Je posai mon carton sur le chevalet numéro seize.
Le maître entra. Julian, grave et cordial, suivi de Tony Robert-Fleury, le regard précis et les bras croisés. Il s’arrêta devant chaque planche, s’empara de la mienne, la parcourut sans un mot, la reposa. Je crus que mon cœur allait se briser en éclats de verre.
Puis il dit simplement :
« Celle-là, elle sait voir. »
Je ne respirai plus. C’était à peine un murmure dans le brouhaha de l’atelier, mais il venait de m’ouvrir la porte de ce monde dont j’avais tant rêvé. J’avais quitté mon enfance, mes fièvres et mes prières au couvent. Paris m’acceptait.
Ce jour-là, à l’heure de la pause, je sortis fumer une cigarette sur le seuil, regardant les passants avalés par la rue du Dragon. L’air avait l’odeur de l’encre et des feuilles mortes. Forain passa, un carnet sous le bras, et me salua d’un clin d’œil. Fantin-Latour m’avait promis de venir voir mes travaux. Degas, m’assurait-on, jetterait peut-être un œil. Et moi, je demeurais là, le fusain noirci jusqu’à la paume, un peu fiévreuse, un peu vivante.
Ce fut ce jour-là que je compris que peindre ne serait jamais un métier pour moi, mais une survie. Que chaque visage saisi serait une revanche contre les années d’immobilité et de silence. Que dans chaque regard capturé, c’était le mien qui chercherait son reflet.
Ce soir-là, je rentrai à la pension à pied, les doigts tachés de noir, les joues rougies par l’air vif. Je me sentais légère. Paris appartenait aux audacieuses, et j’étais prête à m’y brûler pour en faire jaillir la lumière.
Nouvelle de Stephane PREDO, librement inspirée de la vie de Louise Catherine Breslau .
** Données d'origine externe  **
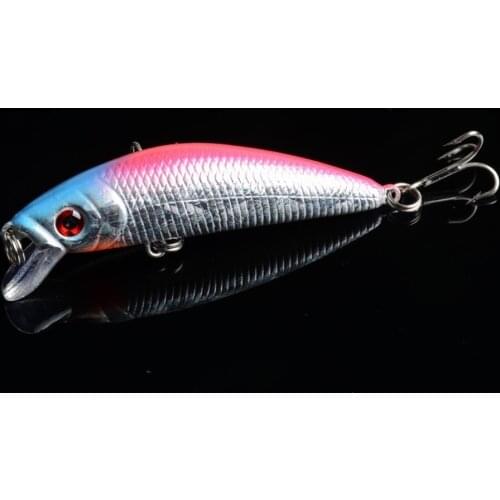 1Pcs 7cm/8.1g Minnow Fishing Lure Wobblers Crankbait Artificiais Para Pesca Japan Hard Bait Swimbait Boat Sea Fishing Tackle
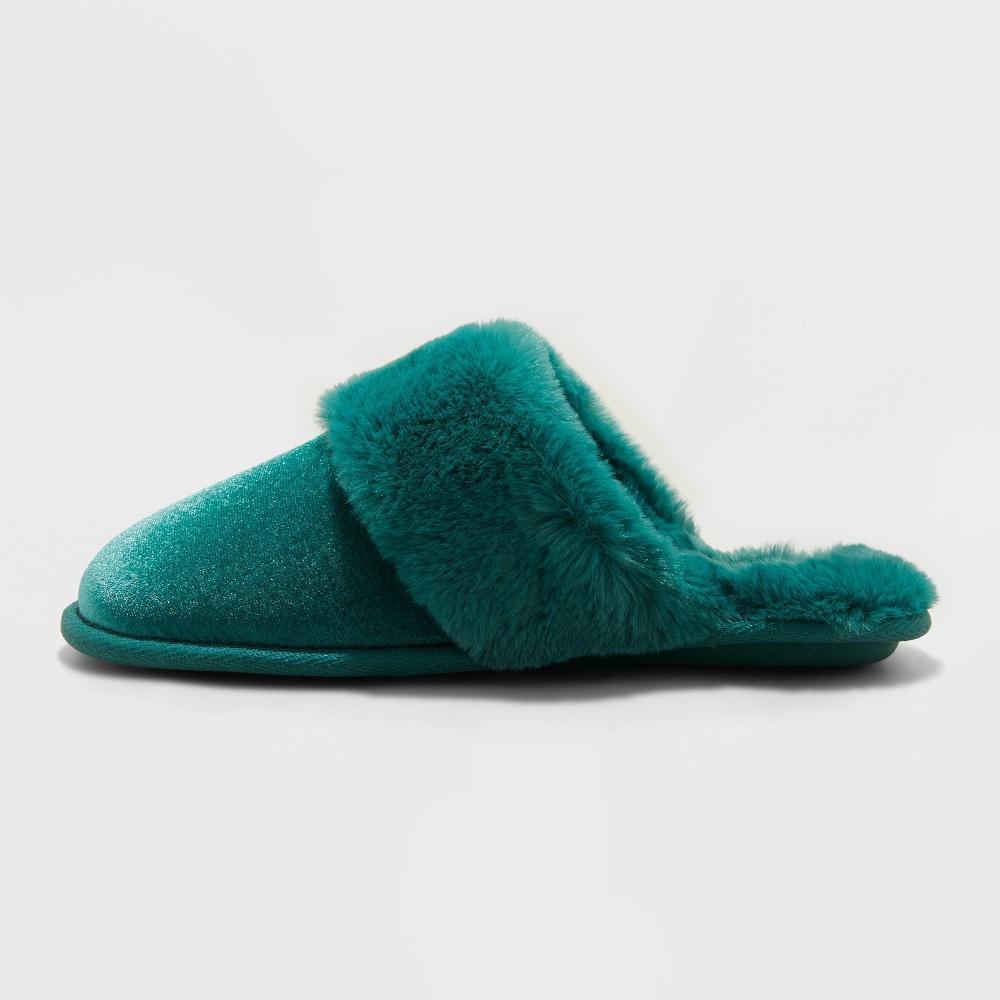 Womens Rae Velvet Scuff Slippers - Auden XL Product Image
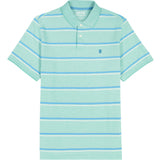 IZOD Mens Advantage Performance Auto Striped Short Sleeve Polo Shirt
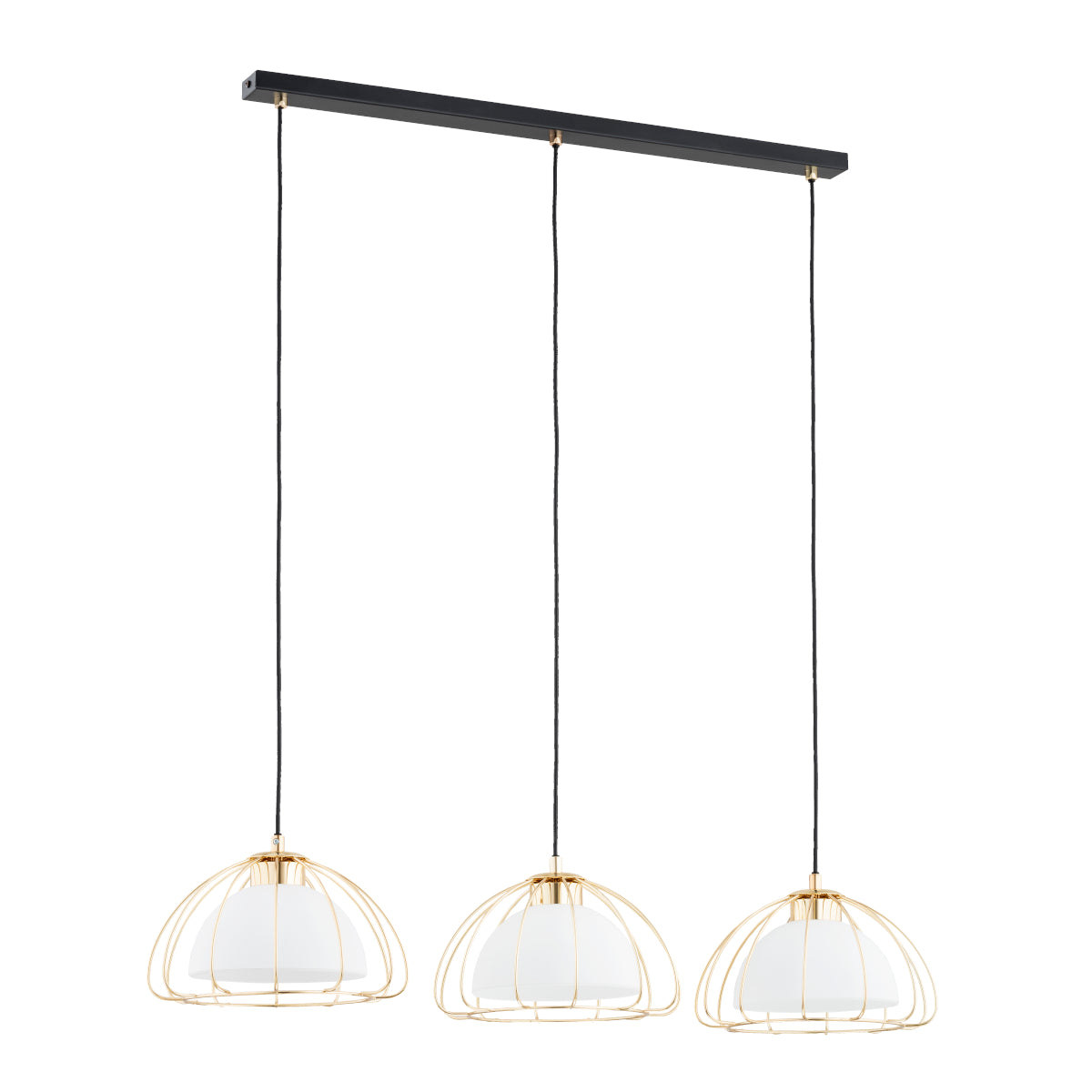 PENDANT LAMP ALFA NERSY Black & Gold 3 x E27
Louise Catherine , née Maria Luise Katharina Breslau est une peintre et dessinatrice suisse, née le 6 décembre 1856 à Munich et décédée le 12 mai 1927 à Neuilly-sur-Seine. Naturalisée suisse en 1874, elle a passé la majeure partie de sa vie artistique en France.
Élevée à Zurich dans une famille cultivée, elle découvre le dessin durant une enfance marquée par l’asthme et la solitude. Formée auprès du portraitiste Eduard Pfyffer, elle part à Paris en 1876 pour étudier à l’Académie Julian, l’un des rares lieux ouverts aux femmes artistes. Elle y côtoie Marie Bashkirtseff, Amélie Beaury-Saurel et Madeleine Zillhardt, qui devient sa compagne et muse pendant plus de quarante ans. Dès 1879, elle expose au Salon de Paris et se fait remarquer pour ses portraits intimistes et ses scènes de genre. Son style, influencé par Manet, Degas et Renoir, mêle réalisme et délicatesse, souvent au pastel. En 1889, elle reçoit une médaille d’or à l’Exposition universelle de Paris, où elle représente la Suisse. En 1901, elle devient la première artiste étrangère à être décorée de la Légion d’honneur. Pendant la Première Guerre mondiale, elle réalise bénévolement des portraits de soldats et d’infirmières. Son œuvre, riche de plus de 800 tableaux, est aujourd’hui conservée dans de nombreux musées européens, dont le musée d’Orsay, le Petit Palais et le musée des Beaux-Arts de Dijon.
Si/si, les femmes existent
Louise Catherine Breslau reste une figure majeure de l’art féminin du tournant du XXe siècle, alliant exigence technique et sensibilité poétique.